Try it. Exactly the lines from the one holding "Large Shower Arm" through the last line of the listing below must appear in the answer, and no pictures.

Dataset excerpt.
........

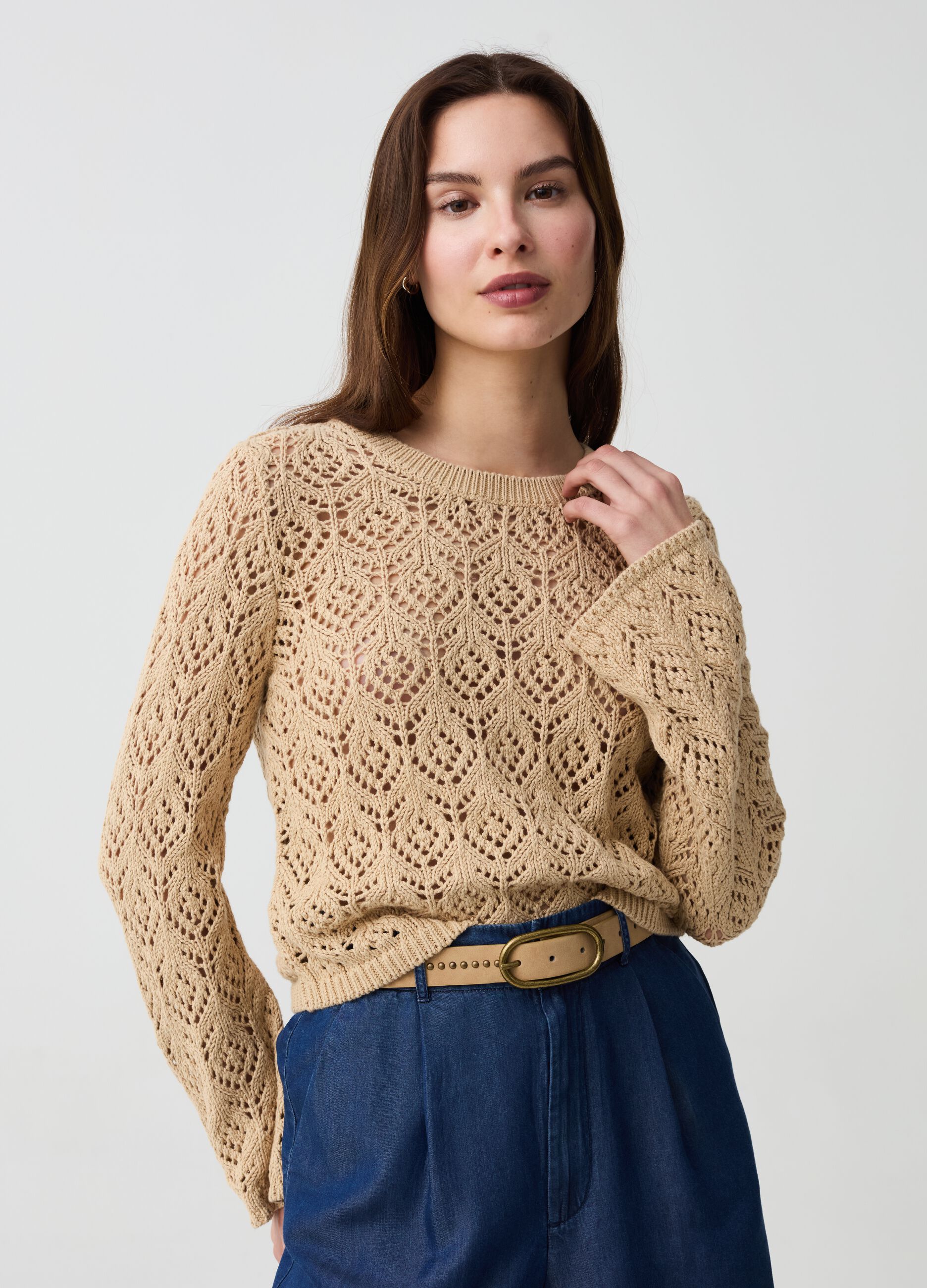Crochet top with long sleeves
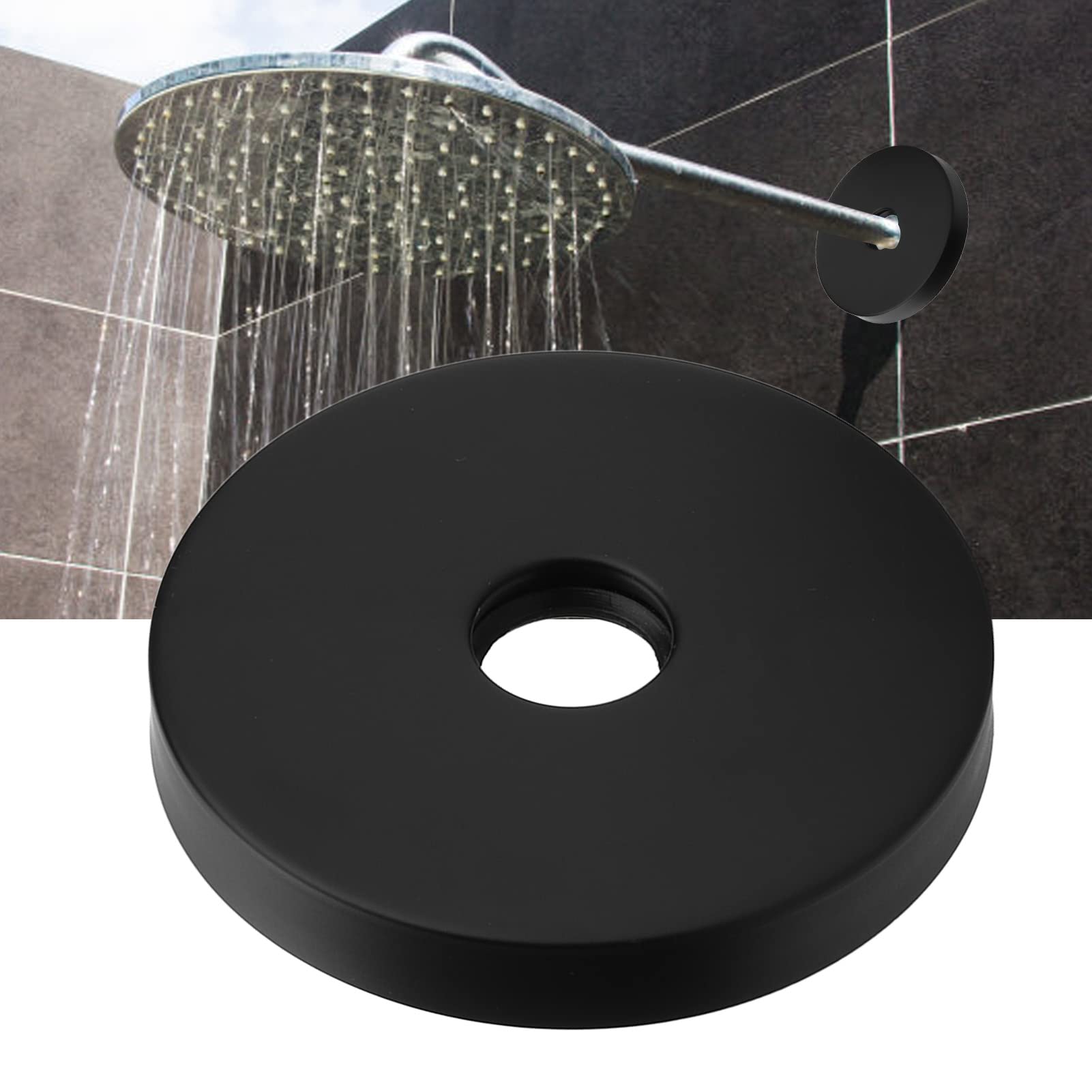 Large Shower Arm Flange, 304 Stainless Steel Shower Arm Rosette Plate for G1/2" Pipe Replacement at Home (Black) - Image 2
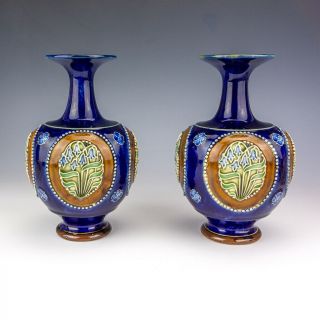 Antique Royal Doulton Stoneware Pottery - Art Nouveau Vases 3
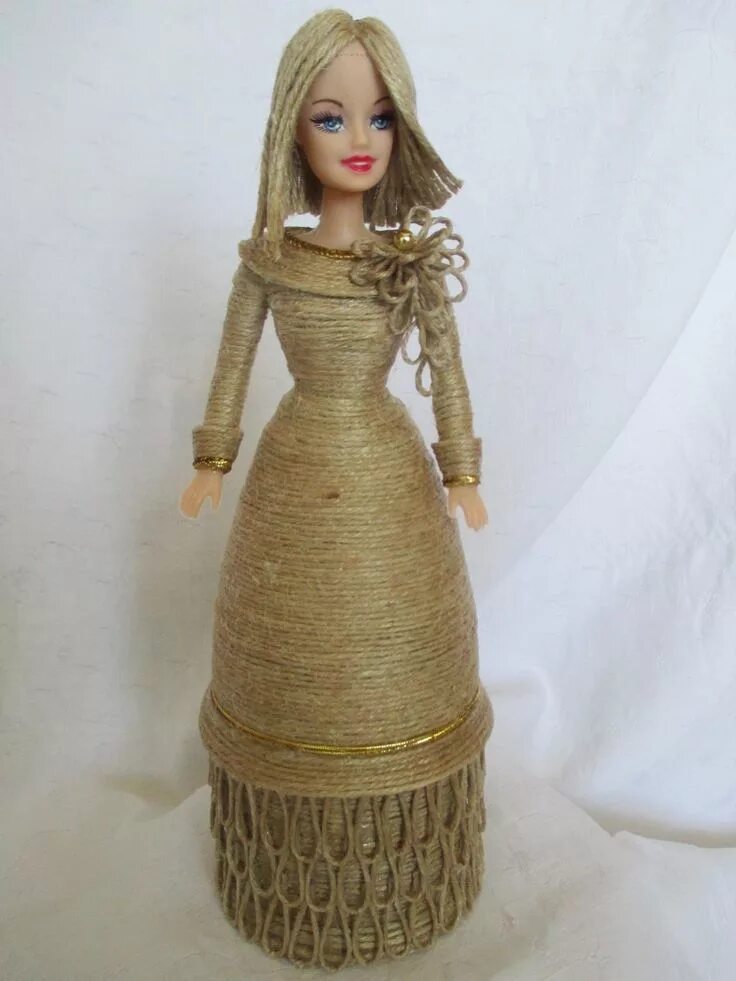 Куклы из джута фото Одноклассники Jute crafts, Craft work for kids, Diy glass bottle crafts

........

Reply to the exercise.
 Large Shower Arm Flange, 304 Stainless Steel Shower Arm Rosette Plate for G1/2" Pipe Replacement at Home (Black) - Image 2
 Antique Royal Doulton Stoneware Pottery - Art Nouveau Vases 3
 Куклы из джута фото Одноклассники Jute crafts, Craft work for kids, Diy glass bottle crafts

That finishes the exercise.